The theme of instruction and wisdom lies underneath the blanket of letting those one loves go, so in order to see the themes of truly free thought, one must identify the themes of love. One can see where Siddhartha's father does not want him to go out on his own and become a Samana, "[Siddhartha's father] saw his son standing there unmoving, and his heart filled with anger, with disquiet, with trepidation, with sorrow" (Hesse 10). One can see that the father is not at the stage of love where he is able to let his son go off on his own pursuits, as he gets upset that his son wishes to pursue individualistic exploration. He maintains that the obedience of his son is what is important, " 'Siddhartha will do as his father instructs him' " (Hesse 10). He does not consider the restrictions he is putting on the experience of life of his son, and how that will affect his son's mind and power to think freely. Eventually, the father realizes how his son is an individual and must retain the experience and freedom of thought of an individual, "His eyes gazed into the distance straight before him. the father realized then that Siddhartha was no longer with him in the place of his birth" (Hesse 10). He realizes that Siddhartha is growing apart from the ideology of his father, and Siddhartha must be fully released in order to realize his full potential of thought; and here the father attains the level of love for his son that allows him to let him go, to pursue individual and free thought.

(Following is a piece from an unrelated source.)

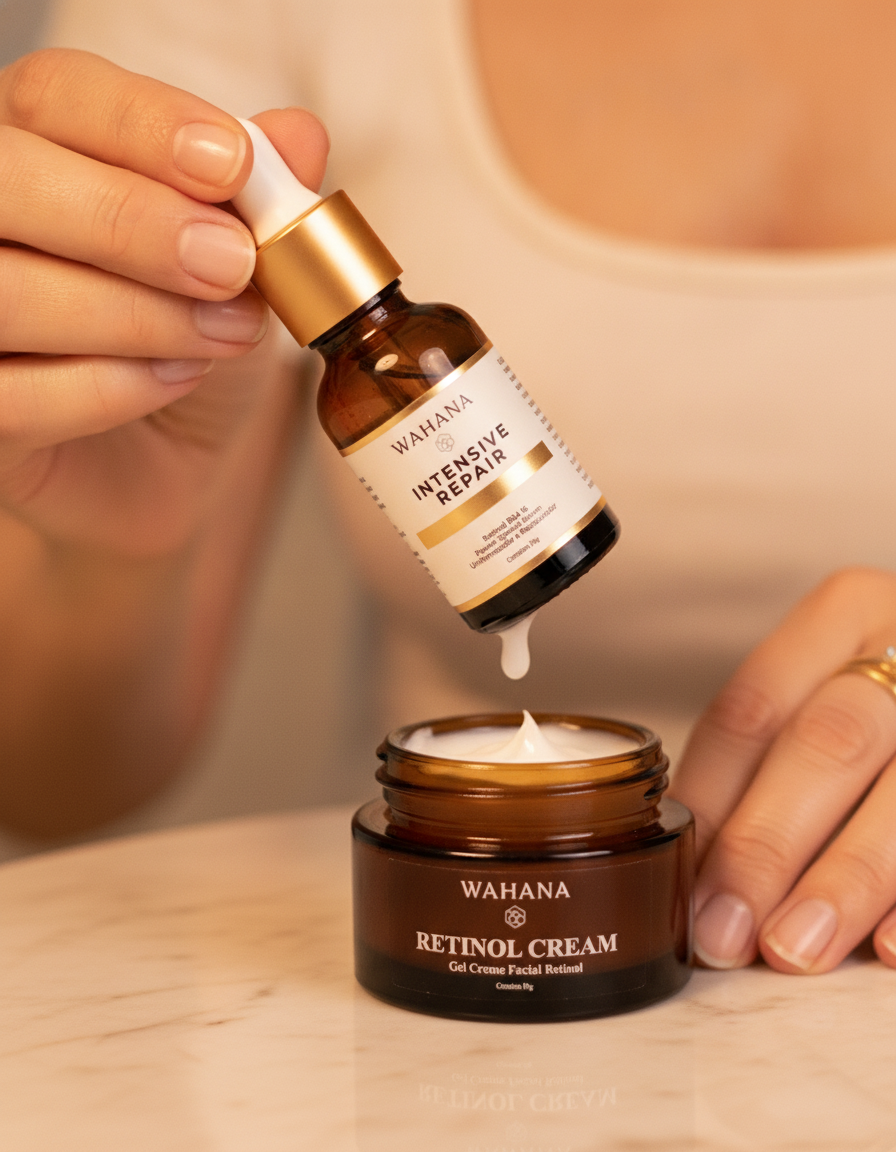 Retinol para Iniciantes: Guia Definitivo e Seguro - Retinol Cream e Intensive Repair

This is the next level of the theme of love: the level of acceptance, and gaining the ability to let someone go. The father finally lets go of Siddhartha in the beginning, "He took his hand from his son's shoulder and went out" (Hesse 11). The father literally releases Siddhartha into the world to seek his own philosophy and reaches the point of love where he does this, if begrudgingly. Then, Siddhartha finds himself facing the same situation with his own son. Vasudeva coaches him, "Or do you really believe that you committed your own follies so as to spare your son from committing them?" (Hesse 101). Vasudeva tells Siddhartha that Siddhartha cannot experience the world for his son, he must let his son go out and experience it for himself, so as not to be subjugated to Siddhartha's sole mindset, and form his own. Then, as Siddhartha muses over the knowledge that allowing his son to go out into the world will allow for terrible things to happen to his son, "Stronger than this knowledge was his love for the boy" (Hesse 101). Siddhartha's love for his son overcomes his overbearing fear of what will happen to the boy and Siddhartha allows himself to let go of the boy, to let his love form the break that will allow his son to finally go out into the world.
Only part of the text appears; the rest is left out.